Emergency management duties often fell into public works, he said, with department employees securing facilities as best they could, hoping to comfort residents. Flemion said the event struck a chord for Laurel after learning that some 9/11 perpetrators resided in the Valencia Motel off Route 1.
"While we couldn't stop something similar from happening, we were preparing for an event," he said. "The Police Department was ramping up its intelligence efforts, so we could at least try and intercept issues. That was a pretty emotional time."
Following Moe's mayoral election in 2003, Flemion was appointed deputy city administrator as well as director of emergency management, where he worked closely with former City Administrator Kristie Mills, who retired in December after a 45-year city career.
Flemion said working with Mills helped instill his dedication and love toward the city.

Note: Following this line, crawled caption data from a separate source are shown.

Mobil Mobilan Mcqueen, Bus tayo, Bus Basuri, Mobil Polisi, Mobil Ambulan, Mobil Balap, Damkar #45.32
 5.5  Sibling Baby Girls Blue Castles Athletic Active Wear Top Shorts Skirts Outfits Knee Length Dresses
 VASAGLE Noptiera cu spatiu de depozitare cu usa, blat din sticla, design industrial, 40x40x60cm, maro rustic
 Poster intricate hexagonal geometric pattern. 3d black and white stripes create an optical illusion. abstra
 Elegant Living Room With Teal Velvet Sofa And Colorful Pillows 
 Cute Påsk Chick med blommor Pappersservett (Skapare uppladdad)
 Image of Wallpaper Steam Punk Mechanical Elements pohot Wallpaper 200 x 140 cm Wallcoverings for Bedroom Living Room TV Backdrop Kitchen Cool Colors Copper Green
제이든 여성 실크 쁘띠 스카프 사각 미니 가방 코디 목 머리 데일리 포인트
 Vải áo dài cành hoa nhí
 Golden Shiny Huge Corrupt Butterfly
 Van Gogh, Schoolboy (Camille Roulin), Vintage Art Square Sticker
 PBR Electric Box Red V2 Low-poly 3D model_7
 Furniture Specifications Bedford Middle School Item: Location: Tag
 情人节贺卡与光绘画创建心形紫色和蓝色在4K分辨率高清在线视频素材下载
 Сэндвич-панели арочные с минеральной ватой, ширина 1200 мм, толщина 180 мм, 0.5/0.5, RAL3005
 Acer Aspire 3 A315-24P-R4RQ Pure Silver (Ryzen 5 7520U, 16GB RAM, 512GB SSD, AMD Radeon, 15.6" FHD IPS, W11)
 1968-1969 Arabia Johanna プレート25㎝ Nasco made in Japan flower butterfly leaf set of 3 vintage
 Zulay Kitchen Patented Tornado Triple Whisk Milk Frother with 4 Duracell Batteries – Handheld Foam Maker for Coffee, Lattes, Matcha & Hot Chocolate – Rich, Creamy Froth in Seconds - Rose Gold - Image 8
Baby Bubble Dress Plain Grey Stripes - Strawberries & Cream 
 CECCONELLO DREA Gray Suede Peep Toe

"I think she molded the employees of the city into what we call a family," Flemion said. "She was the glue that made that happen. …My whole career I've been very fortunate between who I was serving and who served me."
Flemion said he will miss working in emergency management, but feels confident in his successor, William Goddard, and continuing to work with Moe.
"I have all the faith in the world in Marty," Moe said. "He knows the city, he knows how it runs, he knows how to make a decision and, most importantly, he knows my vision for the community and is able to make sure that that's passed along to all the department heads and city staff."
Moving forward, Moe said Flemion will be reviewing all city departments in an effort to streamline, save money and provide better public service.
"He knows that I want people to come to city hall if they need help," Moe said. "That's pretty much the way governing should be done."
As a 55-year resident, Flemion said he has no worries about the city's future, with billions of dollars invested by the federal government, an increasing housing market as well as cyber command security measures at Fort Meade.
"The direction for Laurel right now is more solid than it ever has been," Flemion said. "I think we will be ready to meet the challenges of the future no matter what they are. I very much appreciate where Laurel has been, where we're at now and where we're going."